3. モデルとオプティマイザーの初期化¶

ここで、上記のモデルのインスタンスを作成し、カメラ位置パラメーターのオプティマイザーを設定できます。

In [ ]

# We will save images periodically and compose them into a GIF.
filename_output = "./teapot_optimization_demo.gif"
writer = imageio.get_writer(filename_output, mode='I', duration=0.3)

# Initialize a model using the renderer, mesh and reference image
model = Model(meshes=teapot_mesh, renderer=silhouette_renderer, image_ref=image_ref).to(device)

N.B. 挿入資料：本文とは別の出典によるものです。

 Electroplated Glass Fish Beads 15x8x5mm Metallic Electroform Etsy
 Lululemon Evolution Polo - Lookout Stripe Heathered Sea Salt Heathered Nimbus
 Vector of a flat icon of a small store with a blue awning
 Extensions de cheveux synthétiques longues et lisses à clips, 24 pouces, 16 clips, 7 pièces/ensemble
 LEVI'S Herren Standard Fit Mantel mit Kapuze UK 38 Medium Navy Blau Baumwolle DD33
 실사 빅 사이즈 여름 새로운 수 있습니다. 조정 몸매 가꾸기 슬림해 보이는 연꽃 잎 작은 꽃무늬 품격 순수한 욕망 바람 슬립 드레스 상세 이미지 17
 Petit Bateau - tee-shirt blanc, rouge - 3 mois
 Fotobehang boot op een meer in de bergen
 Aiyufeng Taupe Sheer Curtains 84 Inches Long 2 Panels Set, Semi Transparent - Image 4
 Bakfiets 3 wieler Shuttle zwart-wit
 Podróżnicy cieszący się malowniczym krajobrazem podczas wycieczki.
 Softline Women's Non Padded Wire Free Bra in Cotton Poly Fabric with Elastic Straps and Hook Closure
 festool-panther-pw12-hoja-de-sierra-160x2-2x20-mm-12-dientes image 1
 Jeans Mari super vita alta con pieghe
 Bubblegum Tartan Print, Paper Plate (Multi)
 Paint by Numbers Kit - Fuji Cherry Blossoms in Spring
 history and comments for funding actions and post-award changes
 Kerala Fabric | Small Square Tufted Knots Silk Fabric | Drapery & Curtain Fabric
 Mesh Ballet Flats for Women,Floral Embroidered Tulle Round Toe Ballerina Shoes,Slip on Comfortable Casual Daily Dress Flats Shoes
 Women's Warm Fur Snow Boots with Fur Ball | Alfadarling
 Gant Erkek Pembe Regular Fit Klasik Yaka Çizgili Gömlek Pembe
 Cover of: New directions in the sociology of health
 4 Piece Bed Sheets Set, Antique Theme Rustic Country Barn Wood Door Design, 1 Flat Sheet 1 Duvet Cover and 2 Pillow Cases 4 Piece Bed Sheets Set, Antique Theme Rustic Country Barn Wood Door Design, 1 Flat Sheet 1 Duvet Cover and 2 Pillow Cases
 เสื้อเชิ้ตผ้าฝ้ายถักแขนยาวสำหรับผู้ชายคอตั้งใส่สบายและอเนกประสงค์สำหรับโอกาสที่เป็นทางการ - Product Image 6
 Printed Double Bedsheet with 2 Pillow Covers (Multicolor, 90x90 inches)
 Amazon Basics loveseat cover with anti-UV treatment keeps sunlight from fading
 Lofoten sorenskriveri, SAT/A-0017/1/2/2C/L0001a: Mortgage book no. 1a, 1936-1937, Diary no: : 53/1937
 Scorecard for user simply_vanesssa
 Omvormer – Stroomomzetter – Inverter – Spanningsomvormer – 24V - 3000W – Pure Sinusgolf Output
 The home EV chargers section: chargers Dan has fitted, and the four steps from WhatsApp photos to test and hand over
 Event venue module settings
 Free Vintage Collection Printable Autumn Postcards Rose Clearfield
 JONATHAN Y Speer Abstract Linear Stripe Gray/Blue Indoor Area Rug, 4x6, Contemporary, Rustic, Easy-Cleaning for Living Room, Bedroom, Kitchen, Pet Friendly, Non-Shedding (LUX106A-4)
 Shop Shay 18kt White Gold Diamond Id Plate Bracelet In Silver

# Create an optimizer. Here we are using Adam and we pass in the parameters of the model
optimizer = torch.optim.Adam(model.parameters(), lr=0.05)

開始位置と基準位置の可視化¶

In [ ]

plt.figure(figsize=(10, 10))

_, image_init = model()
plt.subplot(1, 2, 1)
plt.imshow(image_init.detach().squeeze().cpu().numpy()[..., 3])
plt.grid(False)
plt.title("Starting position")

plt.subplot(1, 2, 2)
plt.imshow(model.image_ref.cpu().numpy().squeeze())
plt.grid(False)
plt.title("Reference silhouette");

4. 最適化の実行¶

フォワードパスとバックワードパスを数回繰り返して実行し、10回繰り返すごとに出力を保存します。完了したら、最適化プロセスのクールなgifである./teapot_optimization_demo.gifを見てください。

In [ ]

loop = tqdm(range(200))
for i in loop:
    optimizer.zero_grad()
    loss, _ = model()
    loss.backward()
    optimizer.step()
    
    loop.set_description('Optimizing (loss %.4f)' % loss.data)
    
    if loss.item() < 200:
        break
    
    # Save outputs to create a GIF. 
    if i % 10 == 0:
        R = look_at_rotation(model.camera_position[None, :], device=model.device)
        T = -torch.bmm(R.transpose(1, 2), model.camera_position[None, :, None])[:, :, 0]   # (1, 3)
        image = phong_renderer(meshes_world=model.meshes.clone(), R=R, T=T)
        image = image[0, ..., :3].detach().squeeze().cpu().numpy()
        image = img_as_ubyte(image)
        writer.append_data(image)
        
        plt.figure()
        plt.imshow(image[..., :3])
        plt.title("iter: %d, loss: %0.2f" % (i, loss.data))
        plt.axis("off")
    
writer.close()

5. 結論¶

このチュートリアルでは、objファイルからメッシュをロードする方法、Meshesと呼ばれるPyTorch3Dデータ構造を初期化する方法、ラスタライザーとシェーダーで構成されるレンダラーを設定する方法、モデルと損失関数を含む最適化ループを設定する方法、そして最適化を実行する方法を学びました。